The trek goes on


Environmentally friendly syntax tree traversal

Posted at 20:30 on 10 August 2021, and revised at 16:23 on 11 October 2021

The last wave of reviewing has just subsided, and I set myself a task of understanding and reproducing Allais’s Agda strong normalisation proof included as part of the ‘POPLmark reloaded’ project. The proof is built upon Allais et al’s ‘generic syntax’ library, whose core is a traversal operator defined datatype-generically for syntax trees with the standard λ-style binders and variables as de Bruijn indices. My first step is to study an earlier, not yet datatype-generic version of the traversal operator reported in their CPP ’17 paper. Even simpler than what’s presented in the paper, I’ll just experiment with the most simply typed λ-calculus:

data _∋_ {A : Set} : List A → A → Set where
  zero : {x   : A} {xs : List A} →          x ∷ xs ∋ x
  suc  : {x y : A} {xs : List A} → xs ∋ x → y ∷ xs ∋ x

data Ty : Set where
  ι   : Ty
  _⇒_ : Ty → Ty → Ty

Cxt : Set
Cxt = List Ty

data _⊢_ : Cxt → Ty → Set where

  `_  : Γ ∋ τ
      → -----
        Γ ⊢ τ

  _·_ : Γ ⊢ σ ⇒ τ
      → Γ ⊢ σ
      → ---------
        Γ ⊢     τ

  ƛ_  : σ ∷ Γ ⊢ τ
      → -------------
            Γ ⊢ σ ⇒ τ

The traversal operator was generalised from renaming and substitution, which we should take a close look at before attempting the generalisation.
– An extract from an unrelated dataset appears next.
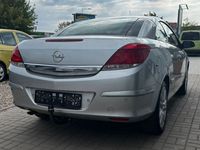 Gebraucht Opel Astra Cosmo 140 PS (102 kW) 2007 Silber Coupé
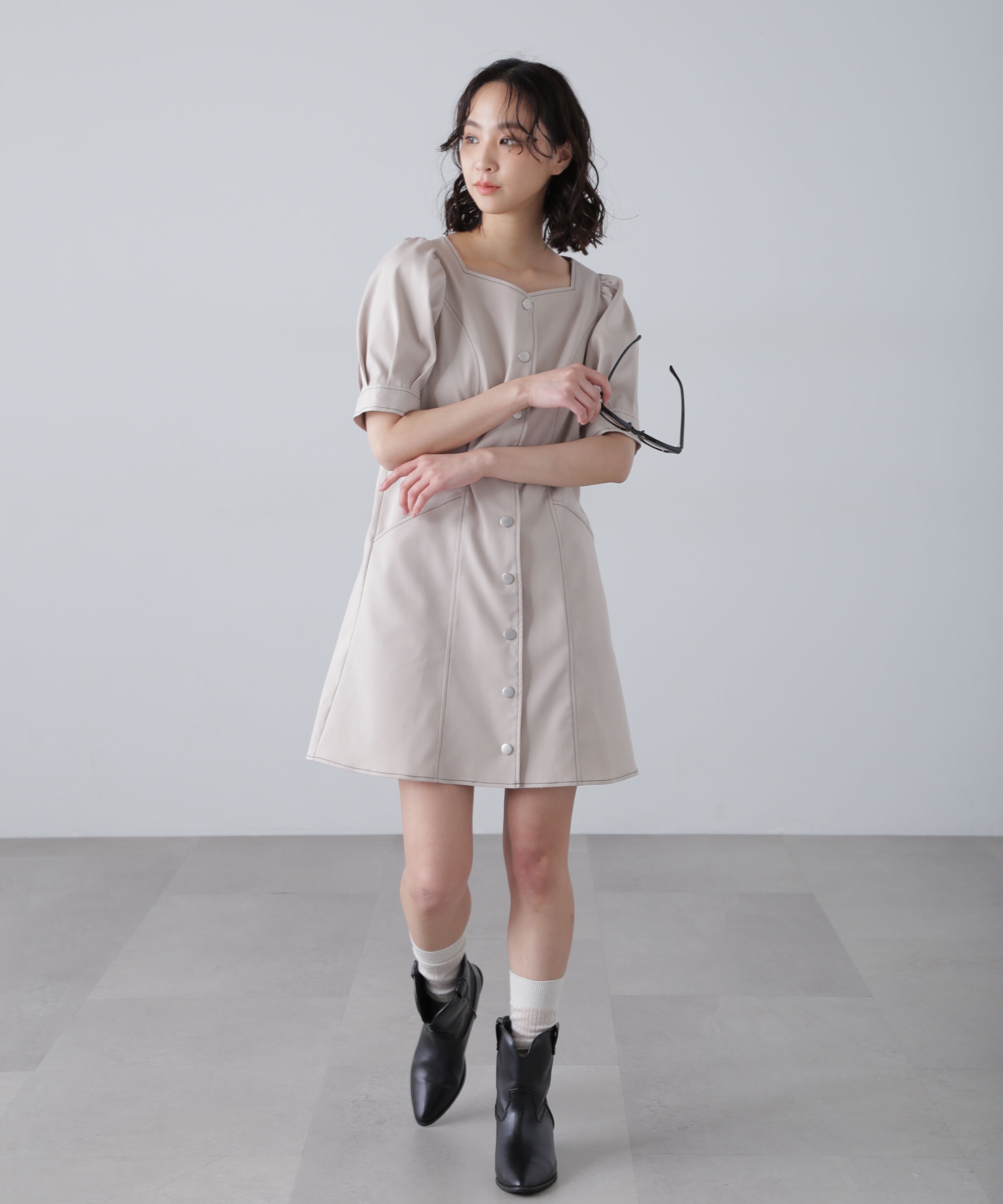  「配色ステッチ前開きミニワンピース」|ワンピース|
First we look at renaming:

ren : Γ ⊢ τ → (∀ {σ} → Γ ∋ σ → Δ ∋ σ) → Δ ⊢ τ
ren (` i  ) ρ = ` ρ i
ren (t · u) ρ = ren t ρ · ren u ρ
ren (ƛ t  ) ρ = ƛ ren t λ { zero → zero; (suc i) → suc (ρ i) }

The function ren first takes a term of type τ whose free variables are drawn from the context Γ. Its second argument is an environment that maps every such free variable (of type Γ ∋ σ) to another free variable (of type Δ ∋ σ) drawn from a possibly different context Δ. The function then replaces every Γ-variable in the input term by the corresponding Δ-variable, thereby producing a term also of type τ but now under the context Δ. The ƛ case deserves particular attention: It goes under the binder and processes the sub-term t : σ ∷ Γ ⊢ τ recursively, whose context is extended by one variable of type σ, and the resulting sub-term is also under an extended context σ ∷ Δ. The second argument of the recursive call thus needs to be an extended environment where the new variable zero : σ ∷ Γ ∋ σ is mapped to ‘itself’ zero : σ ∷ Δ ∋ σ (because the new variable doesn’t need to be renamed), while the rest of the variables (of the form suc i) are still mapped to the corresponding variables ρ i according to the input environment ρ, except that ρ i — which is a de Bruijn index — should be incremented (because it is outside the newly introduced binder) and become a variable under an extended environment σ ∷ Δ rather than Δ, as required by the target type σ ∷ Δ ⊢ τ of the recursive call.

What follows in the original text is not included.